Site icon News Central TV | Latest Breaking News Across Africa, Daily News in Nigeria, South Africa, Ghana, Kenya and Egypt Today.

Nigeria Implements VAT Exemptions on Key Energy Products to Reduce Prices

VAT Remains 7.5% in Nigeria— Wale Edun

VAT word on a business newspaper background

The Nigerian Government has declared that it will no longer apply value-added tax (VAT) on several energy products, including diesel, liquefied natural gas (LNG), compressed natural gas (CNG), electric vehicles, and cooking gas.

This move is aimed at lowering the prices of these essential energy products.

This announcement was made on Wednesday by Wale Edun, the Minister of Finance and Coordinating Minister of the Economy.

Edun explained that these tax exemptions are part of the government’s efforts to help reduce the cost of living, improve energy security, and encourage a faster shift towards cleaner energy sources in Nigeria.
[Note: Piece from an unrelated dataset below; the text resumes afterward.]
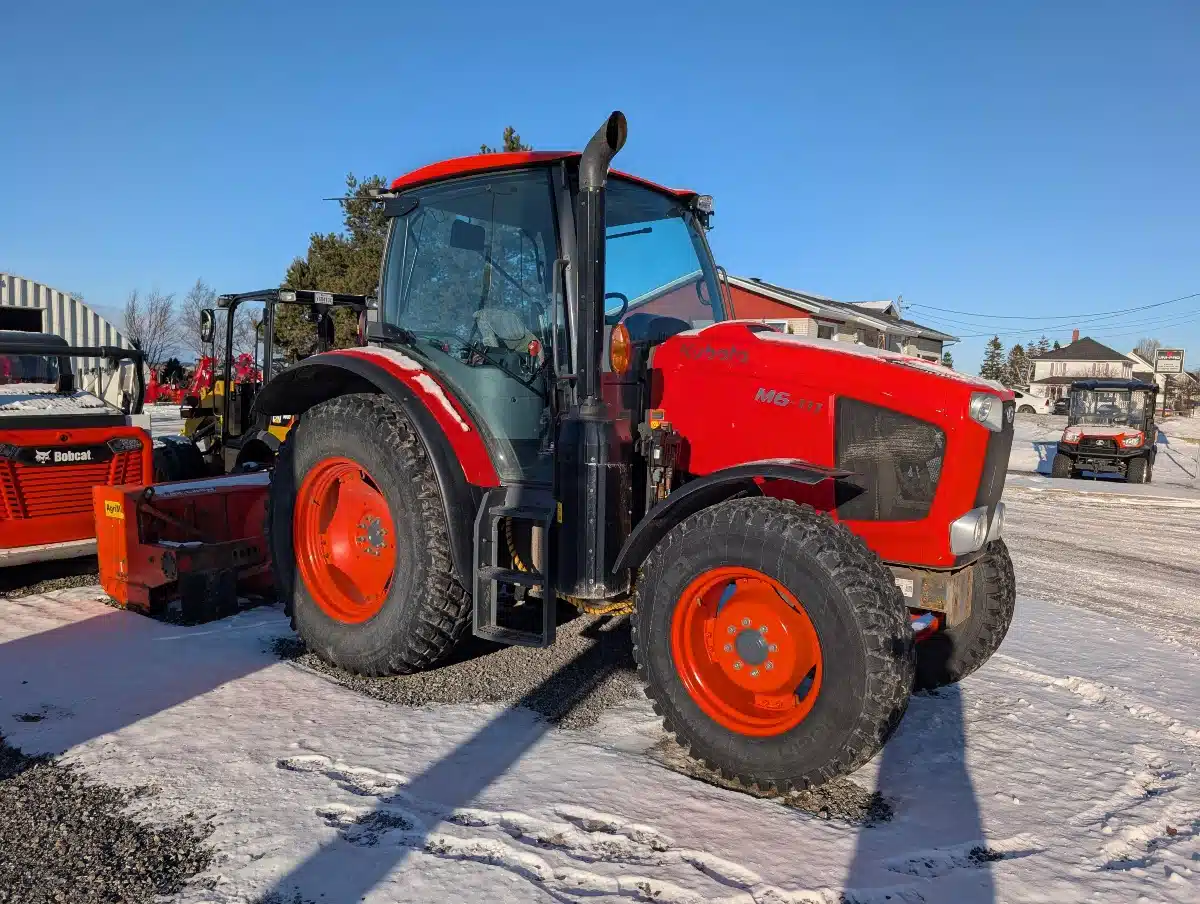 Gallery image 2 for 2022 Kubota M6-111DTCC-F Tractor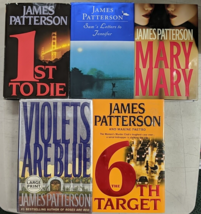 James Patterson [Hardcover] 1st To Die Sam&#39;s Letters To Jennifer Mary Mary Th X5 - $24.74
The government also revealed a new tax relief initiative for deep offshore oil and gas projects. This comes in the form of the “Notice of Tax Incentives for Deep Offshore Oil & Gas Production,” which is designed to offer more tax benefits for offshore projects.

A statement issued by the Federal Ministry of Finance noted that the VAT exemptions cover essential energy products and infrastructure like diesel, liquefied petroleum gas (LPG), CNG, LNG infrastructure, electric vehicles, and clean cooking equipment.

These measures are intended to help bring down the cost of living and support Nigeria’s transition to cleaner energy.

In addition, the new tax relief for offshore oil and gas projects is aimed at making Nigeria’s deep offshore regions more attractive to international investors.

The reforms are part of a larger set of policies championed by President Bola Ahmed Tinubu, which aims to promote sustainable growth and strengthen Nigeria’s position in global oil and gas markets.

New Withholding Tax Regulations Set for 2025

In another development, the Government has formalised the regulations on Withholding Tax (WHT) through official gazette, with plans to begin enforcement on January 1, 2025.

Taiwo Oyedele, Chairman of the Presidential Committee on Fiscal Policy and Tax Reforms, shared this news via social media. He explained that the new regulations, which were gazetted on September 30, 2024, will allow for a 90-day grace period before implementation begins.

The regulations offer a reduction in WHT rates and provide full exemption for many businesses, especially small and medium-sized enterprises (SMEs) with annual revenue below N25 million.

Oyedele also highlighted that the Federal Inland Revenue Service (FIRS), with approval from the Finance Minister, has the option to allow early adoption of the regulations from July 1, 2024. This is intended to provide financial relief to businesses ahead of the official start date.

The WHT exemptions were initially approved by the government in July as part of broader tax reforms recommended by Oyedele’s committee. These reforms focus on easing tax burdens for small businesses, manufacturers, and farmers across the country.